Missouri schools will be encouraged to teach first-graders a gun safety course sponsored by the National Rifle Association as a result of legislation signed Friday by Gov. Jay Nixon.
The new law stops short of requiring schools to teach the Eddie Eagle Gunsafe Program. But by putting it in state law, Missouri is providing one of the stronger state-sanctioned endorsements of the NRA-sponsored firearms safety course, which the group says is taught to about 1 million children annually. The legislation also requires school personnel to participate in an “active shooter and intruder” drill led by law enforcement officers.
Both the staff and student training initially were proposed as mandates when the legislation was filed on Dec. 13, which was the day before a gunman massacred 26 people in a Connecticut elementary school, including 20 first-graders.
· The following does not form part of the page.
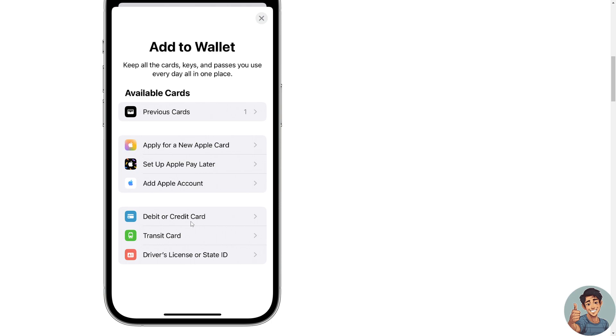Tap previous cards to add a card that you previously had, if you've done so. Now tap continue and follow the steps. Say for example you've clicked on debit or credit card.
The provision about the first-grade gun-safety course was amended to make it optional during Senate debate.
The legislation also transfers the responsibility for issuing identification cards for concealed gun permits from driver’s license clerks to local sheriffs. That change was prompted by concerns that the state licensing agency’s procedures had infringed on people’s privacy rights. Nixon noted the change in concealed carry permits — not the school gun-safety programs — while announcing he was signing the legislation. Asked if he supported the NRA’s gun safety course for first-graders, Nixon merely noted that it was optional.
“Allowing the local school districts to make those choices is appropriate,” he said. The legislation was one of several pro-gun measures passed this year by Missouri’s Republican-led Legislature.